* What this task involves *
Once you find the line with "Edificio corporativo pasos" in the listing below, set down exactly every line from it through the line with "1004 Government Rd", but no pictures.

* Given entries *
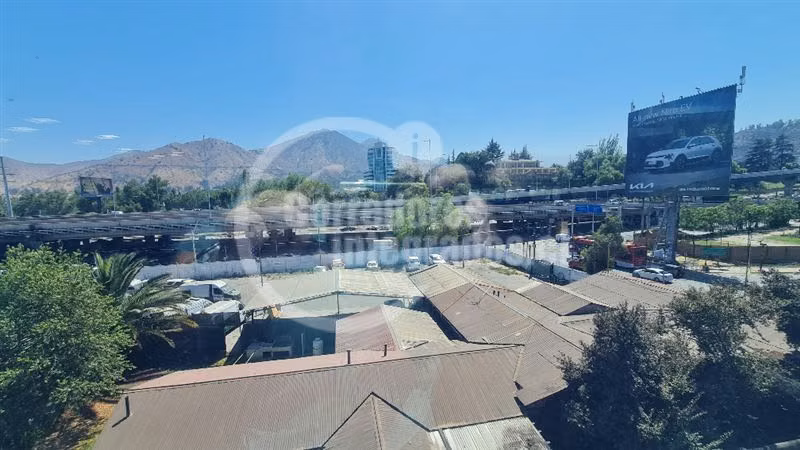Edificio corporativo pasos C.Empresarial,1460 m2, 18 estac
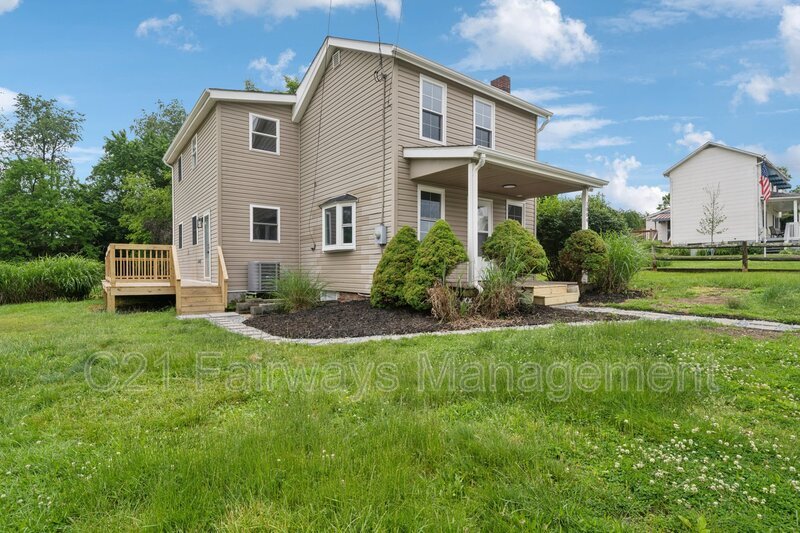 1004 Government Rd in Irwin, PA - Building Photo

--

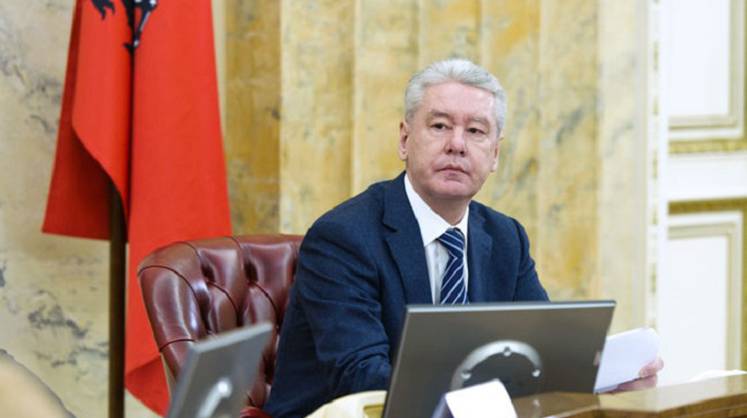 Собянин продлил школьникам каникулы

* Written solution *
Edificio corporativo pasos C.Empresarial,1460 m2, 18 estac
 1004 Government Rd in Irwin, PA - Building Photo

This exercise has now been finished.